A series of increasing velocity tests were conducted to determine the influence of turbulent eddies on the critical swimming speed and stability of creek chub. Eddy vorticity, eddy diameter and eddy orientation (spinning about horizontal or vertical axes of rotation) were varied using arrays of cylinders 0.4, 1.6 and 8.9 cm in diameter. The occurrence of spills (defined as rapid head rotations followed by downstream translation) increased with increasing eddy angular momentum. Furthermore the greatest reduction in the 2 min u_crit of fish occurred in the large cylinder flow treatments, where the vorticity, diameter and angular momentum were greatest. Because eddy angular momentum is a function of the eddy diameter and eddy vorticity, these results confirm the importance of turbulence scale (based on eddy diameter with respect to the fish length) and vorticity proposed by other researchers (e.g. Pavlov et al., 2000; Cada and Odeh, 2001; Lupandin, 2005; Liao, 2007).

The 2 min u_crit was affected by the orientation of cylinder arrays for the large cylinder treatment, being reduced 10±4% compared with the control treatment with the vertical array and by 22±3% for the horizontal array. This orientation effect for the large cylinders was investigated through video analysis of the fish spills. Spills occurred 230% more frequently in turbulent flow fields dominated by large horizontal eddies than in turbulent flow fields dominated by large vertical eddies. Recovery from a spill took 24% more time for fish in the horizontal turbulent eddy field compared with the vertical turbulent eddy field. The increased recovery time was due to two additional rolls which rotated the caudal fin into the plane of the displacement.
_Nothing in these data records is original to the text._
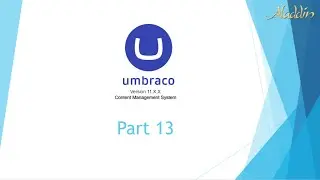 UMB11-013: 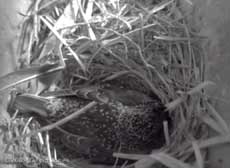 The Starling sits on eggs this morning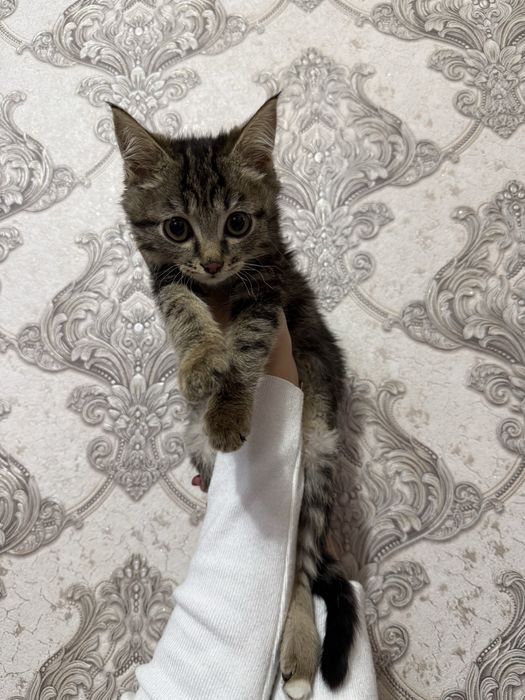 Отдам 2 котенка даром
These results shed further light on the importance of turbulence on the swimming ability of fish in a fluvial environment. In turbulent fluvial environments fish are forced to cope with the same destabilizing forces produced in these experiments. The results of these experiments suggest that habitat selection, station holding, migration and ability to maintain posture in a flow will be affected by the presence of turbulent eddies in the close vicinity of fish. Specifically, eddies that are horizontal in orientation, rotate rapidly and have a diameter approximately equal to the fish length are expected to cause the greatest stability challenges for a free swimming fish. The general conclusions as to the importance of eddy diameter, vorticity, angular momentum and orientation have the potential to improve future fishway and stream restoration designs.

These results derive from a limited number of individuals all of the same species, of the same length and from the same reach of river. While variability across individuals was low in this experiment, prior to globalizing the trends, future tests should expand this work across species, life stage and body/fin morphology.